Speak Critical of me If You must, oh well. I need no support from the masses. This is a Spiritual mission for me. And I will not be silent as to this matter. If I am silent then all anti-corruption bloggers are easily silenced by overreaching Judicial Rulings that accuse them of bad or illegal behavior as a matter of law, in a court of law and with no judicial process, due process, in a court of law. And do so, seemingly, to cover up the very corruption in which those anti-corruption bloggers are exposing in the first place.
Crystal Cox via her attorney Eugene Volokh, UCLA Constitutional Law Profess filed a Motion to Rehear / A motion to REDACT the allegations against Cox that are hearsay and rumor maliciously reported by New York Times Journalist David Carr.

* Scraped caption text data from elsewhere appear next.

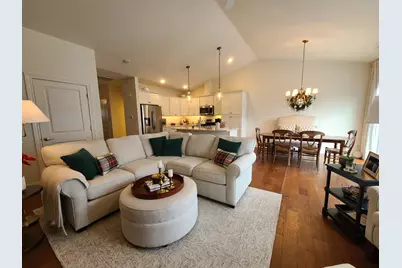 605  Cadence Cir, Lake Geneva, WI 53147 - Photo 19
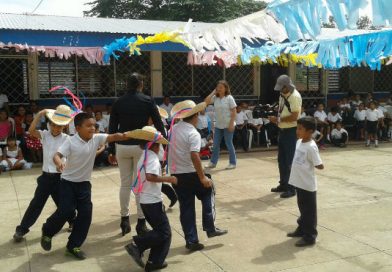 Celebran con una alegre fiesta a los niños del Colegio Hispanidad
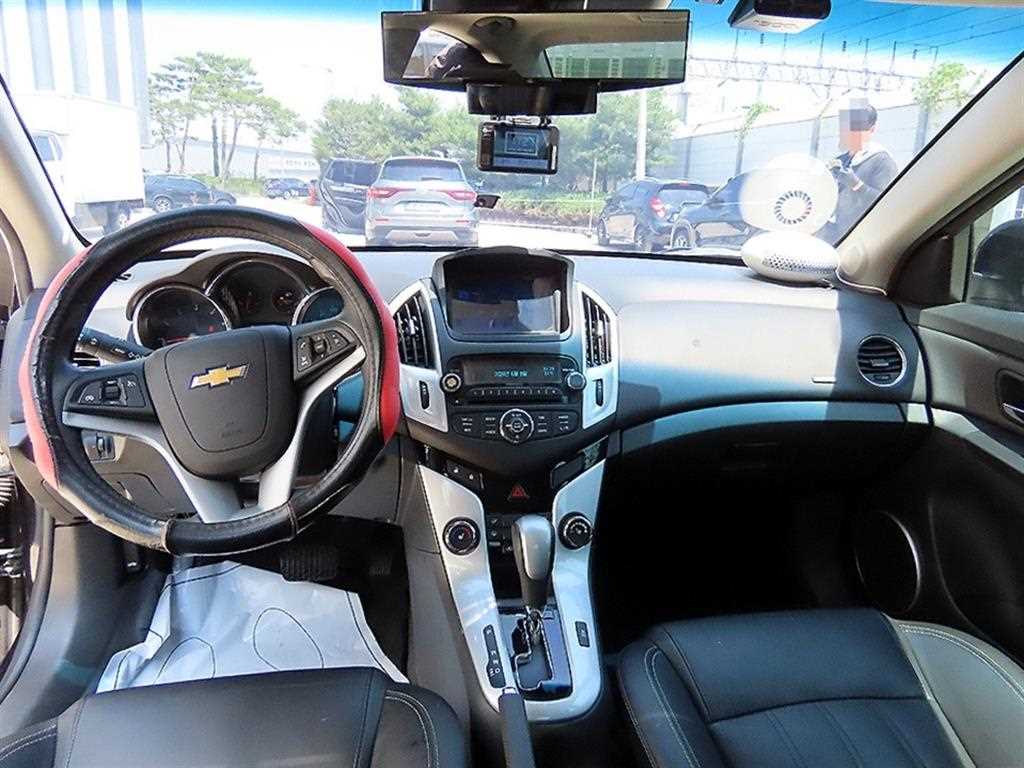 Chevrolet Cruise - Vista 7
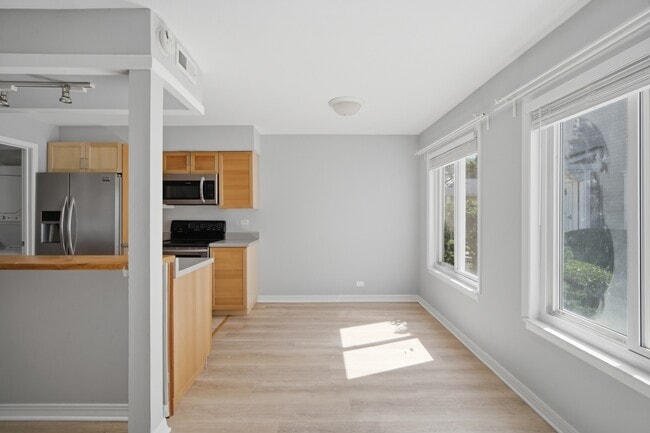 Building Photo - 1180 Cove Dr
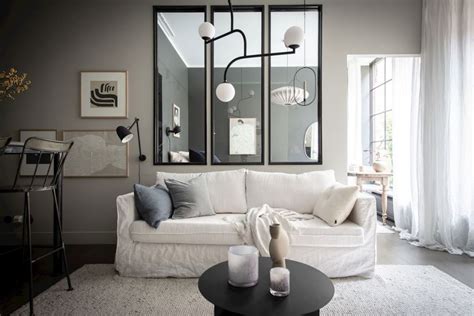Living Room With An Impressive Mirror Coco Lapine Designcoco Lapine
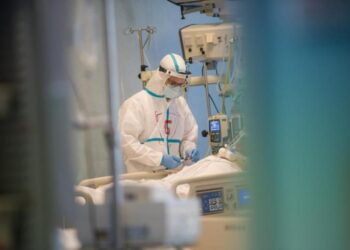 Covid, nessun decesso e ricoveri in calo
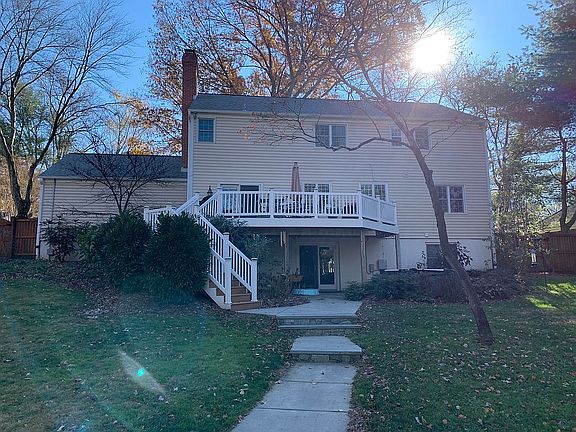 2nd image of 506 Old Orchard Cir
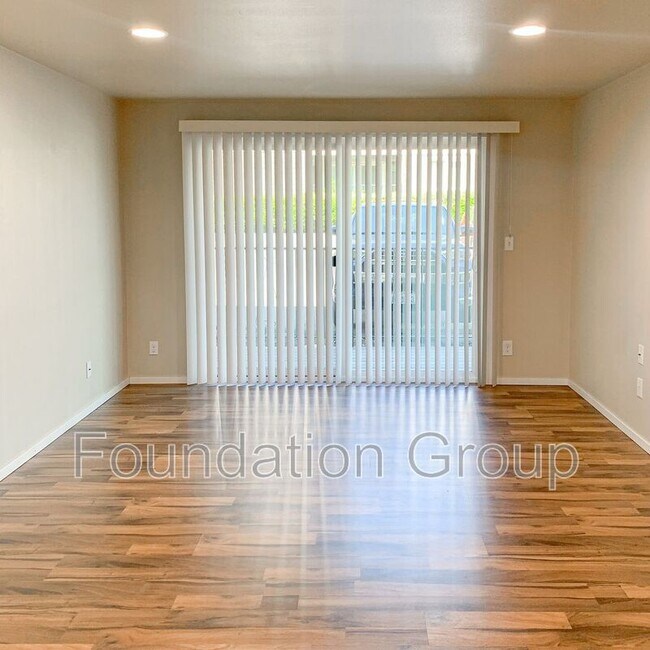 Photo - 938 N 100th St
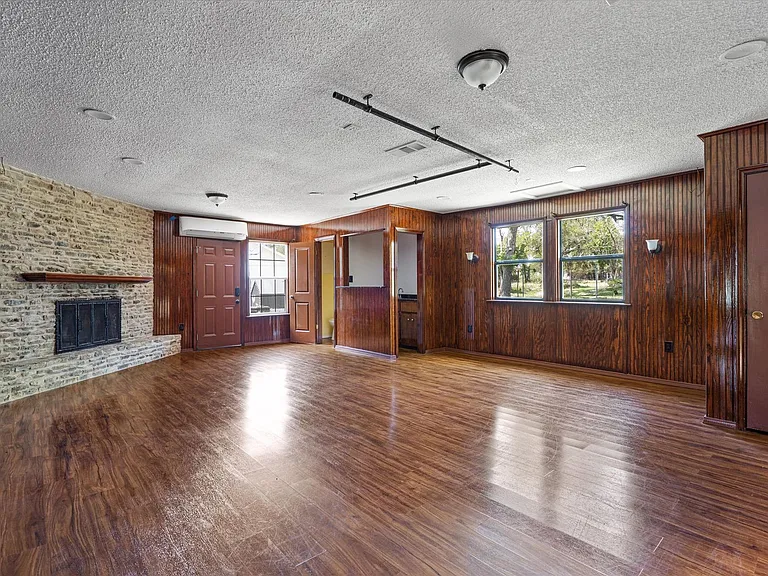 2106 Allred Dr — Photo 14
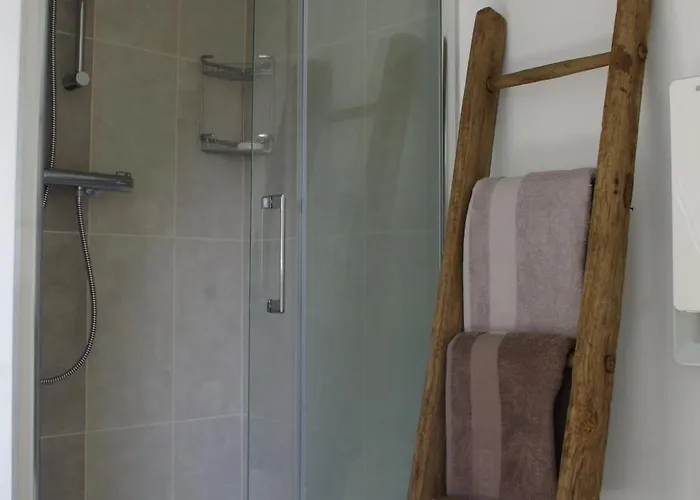 Cosy Ferme De Village En Baie Du Mont Saint Michel Vains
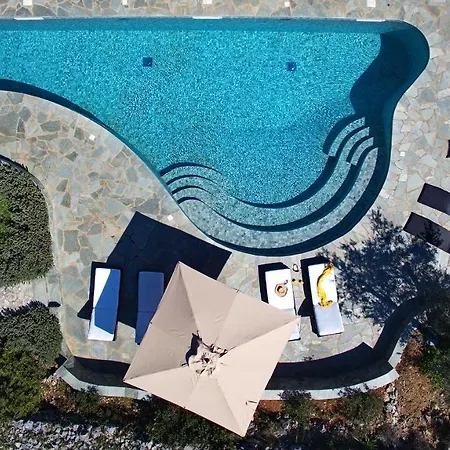 Lodge Adelphia, Luxury In Alonnisos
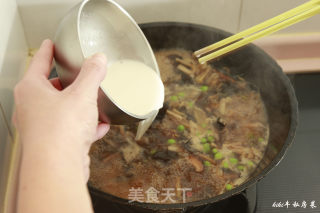 kiki牛的私房菜9-肉片打卤面的做法步骤：17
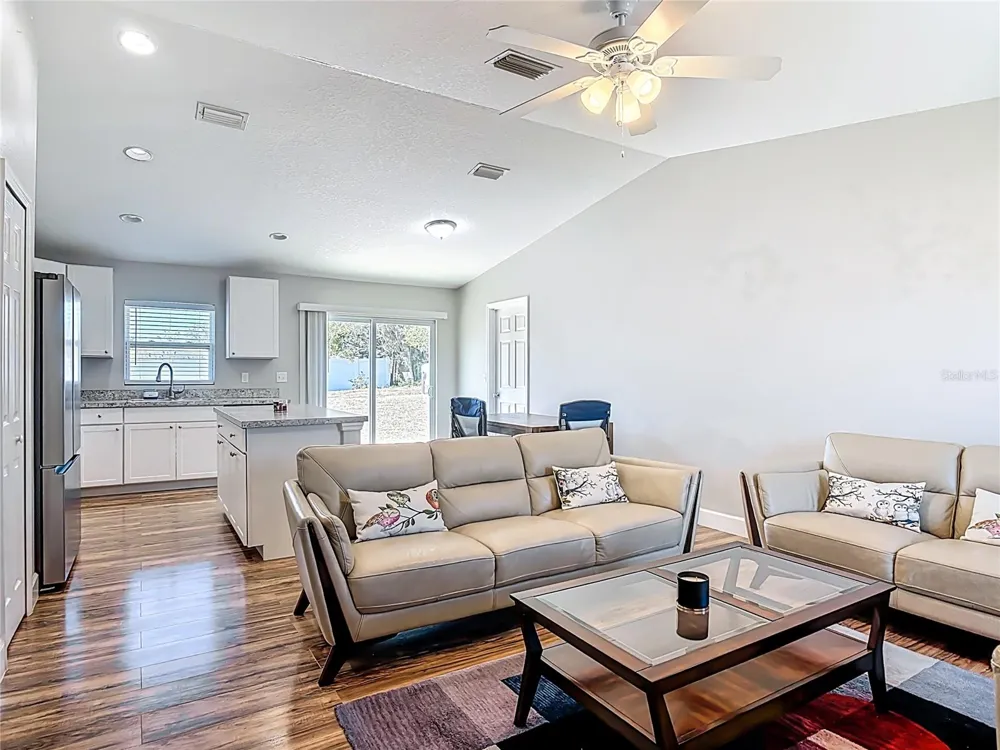 640 CHESTNUT AVENUE Orange City, FL 32763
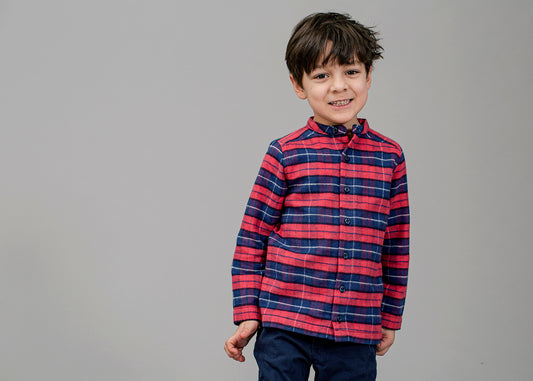 Checkered shirt with a small collar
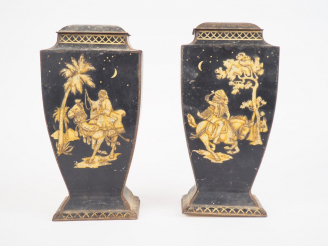 Vente aux enchères Paire de boites en tôle polychrome à décor de cavaliers en léger relie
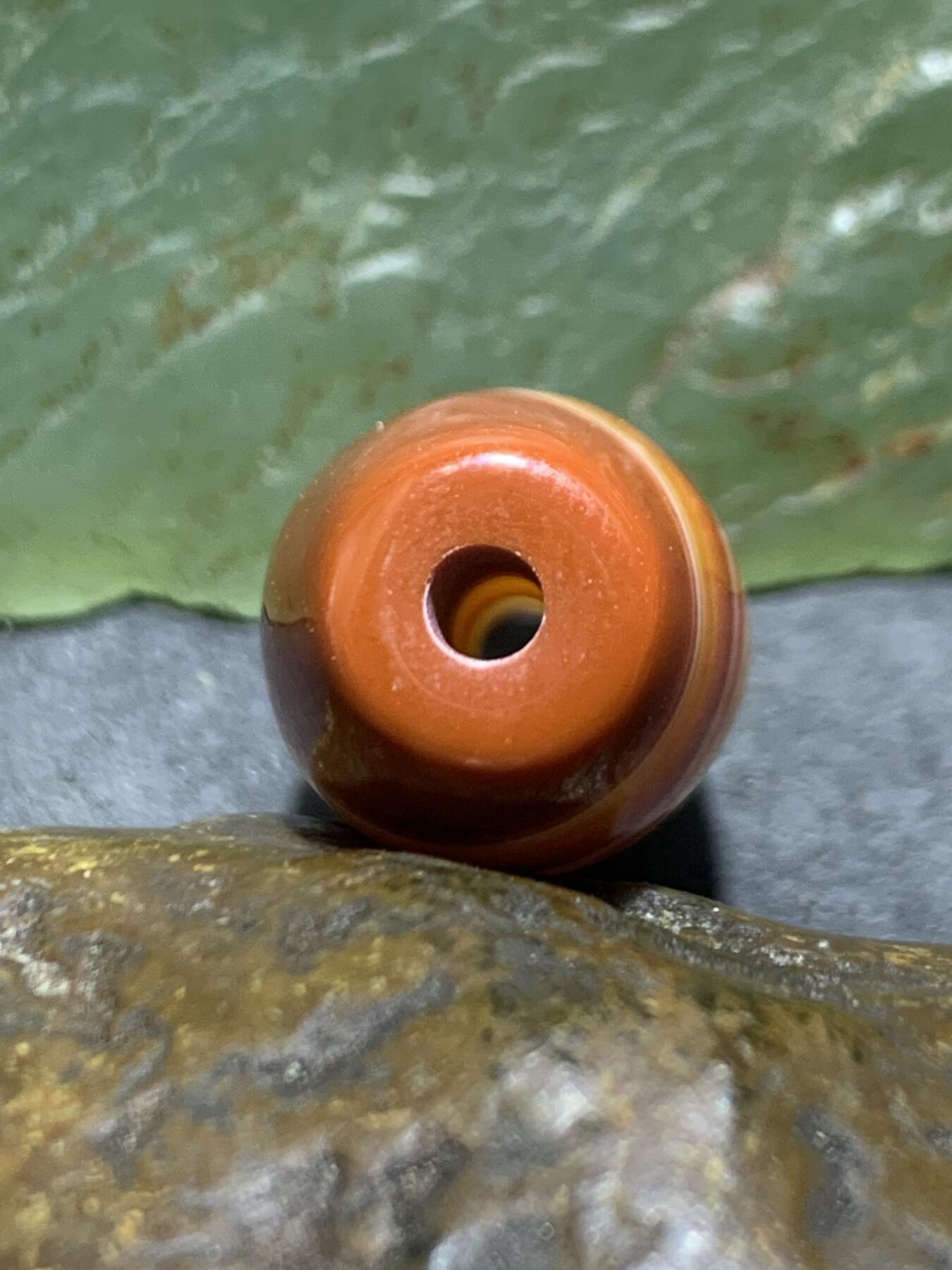 精美天眼纹缠丝玛瑙随形桶珠一颗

"A judicial assertion of misconduct by a named person, even a judicial assertion modified with the word “apparently,” might be based on the record in a case, or on authoritative findings by another court.
But it ought not be based on a newspaper column, which was written without the benefit of cross-examination, sworn testimony, or the other safeguards of the civil justice process. The claims in the columnist’s assertion are neither facts found by a fact finder nor facts subject to judicial notice under Fed. R. Evid. 201.
Moreover, while the New York Times article does discuss Cox’s offering her consulting services to appellees in this case, it does not make any such allegations about other cases.
There thus seems to be no “history” of seeking money claimed in the article. The “history” that the column is positing appears to be only a history of Cox’s “making similar allegations.”
The widely reprinted Reuters wire service, for instance, wrote, According to the court’s opinion, Cox has a history of making allegations of fraud and other illegal activities “and seeking payoffs in exchange for retraction.”
Dan Levine, Blogger Gets Same Speech Protections as Traditional Press: U.S. Court, Reuters, Jan. 17, 2014, http://www.reuters.com/article/2014/01/17/us-usa-blogger-ruling-idUSBREA0G1HI20140117; see also, e.g., http://www.nbcnews.com/id/54102454/ns/technology_and_science-tech_and_gadgets/ (NBC News republication of the Reuters article).
Of course, some such media misstatements are inevitable. Still, they highlight the fact that, when a statement is made in a Court of Appeals opinion—with the authority such opinions possess—journalists might perceive the statement as a factual finding, and not just a report of what a newspaper column has alleged.
Judicial opinions are perceived as extraordinarily reliable sources of information.
This reliability stems from the assumption that statements in the opinion, especially statements that allege misconduct, generally rest on adjudicated facts.
Because of this, Cox respectfully requests that this particular allegation, which rests solely on a claim made in a newspaper column, be redacted from the opinion."
Link to "Motion to Rehear" Filed by Eugene Volokh;
Crystal L. Cox, Online Statement regarding and in support of the Motion to Rehear, to Clarify or Redact Courts statement, “Cox apparently has a history of making similar allegations and seeking payoffs in exchange for retraction” and the surrounding media and corruption.
Extortion was not part of the Lower Court Case, nor "of record". It has NO business in a Ninth Circuit Appellate Ruling when it was not a factor of the case, whatsoever.